How is congenital heart disease diagnosed in children?

During the fetal period, under the influence of certain factors, the fetus's cardiovascular abnormalities are called congenital heart disease. Congenital heart disease is a very common congenital malformation with an incidence rate between 0.4% and 1%. Its spectrum is very wide, including hundreds of types, often accompanied by multiple malformations with varying degrees of severity. Patients with milder conditions are asymptomatic throughout their lives and do not require special treatment.

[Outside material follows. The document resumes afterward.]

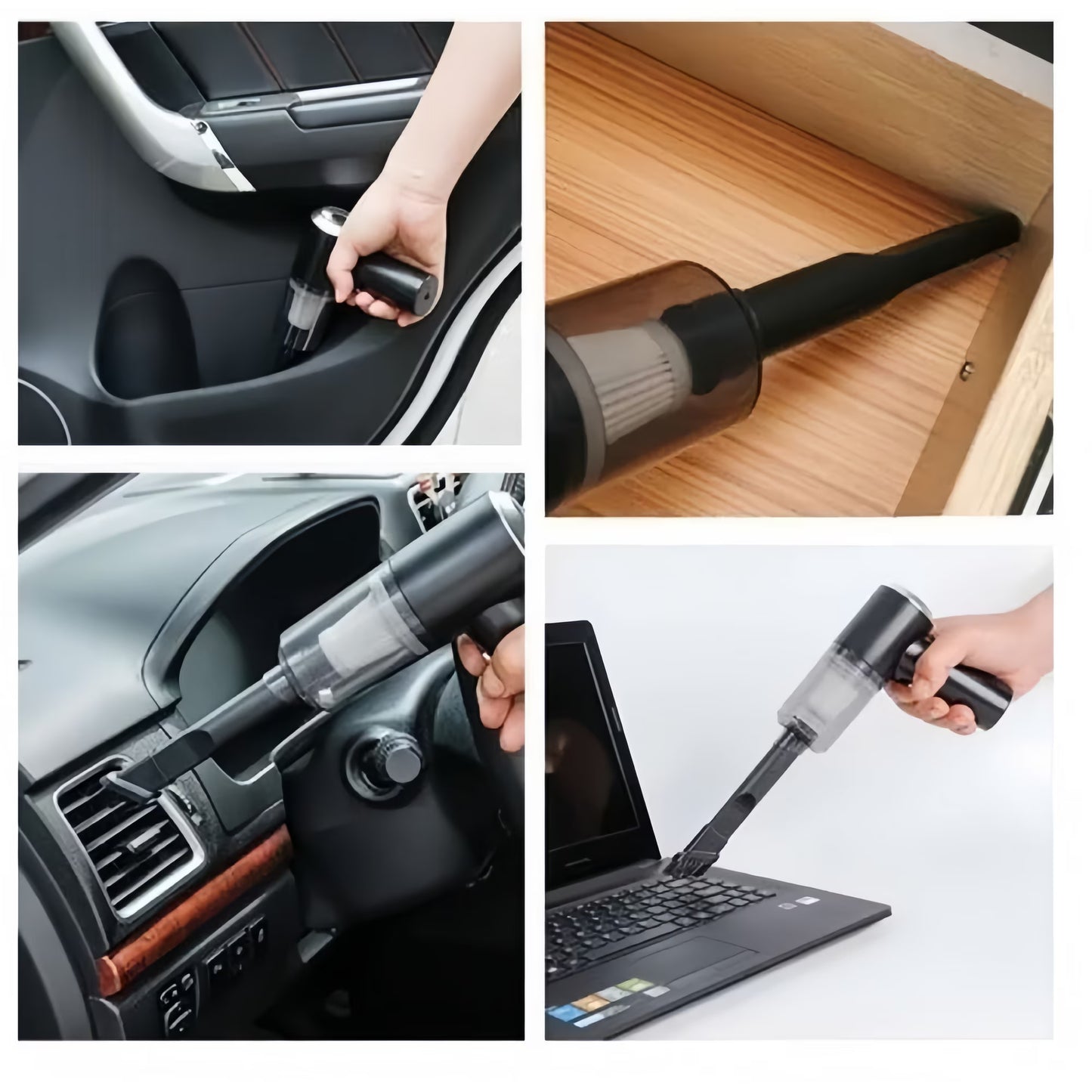 Aspirator Auto Portabil 120W, Fără Fir, Reîncărcare USB, Compact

1. Symptoms and signs. The clinical manifestations of congenital heart disease are very diverse and are related to the degree of deformity. Typical symptoms include repeated colds, developmental delay, sweating, fatigue, shortness of breath, cyanosis of lips, etc. Auscultation can reveal obvious heart noise. If complicated with infective endocarditis, the patient will experience chest pain, palpitations and other symptoms.

2. Laboratory examination. Once the above symptoms occur, you should seek medical attention in time and receive relevant examinations. First, laboratory examinations should be performed, including C-reactive protein determination, complete blood cytology count and blood culture. If the C-reactive protein increases significantly, it may be endocarditis, and further blood culture is needed to identify the pathogen.

3. Imaging examination. Further imaging examinations are required, including echocardiography, CT examination and magnetic resonance imaging examination. Echocardiography is the main means of diagnosing congenital heart disease and can provide a detailed understanding of cardiovascular blood flow and structure. CT examination is non-invasive, rapid and comprehensive, and can show complex large vessel malformations and present intuitive results.

The above are the diagnostic methods for congenital heart disease in children, which should be judged in combination with clinical symptoms and examination results. This is a complex congenital disease with very diverse clinical manifestations, which requires detailed examination and a treatment plan based on the type of deformity. The treatment methods for this disease include traditional surgery and interventional surgery, mainly including balloon valvuloplasty, catheter occlusion, etc.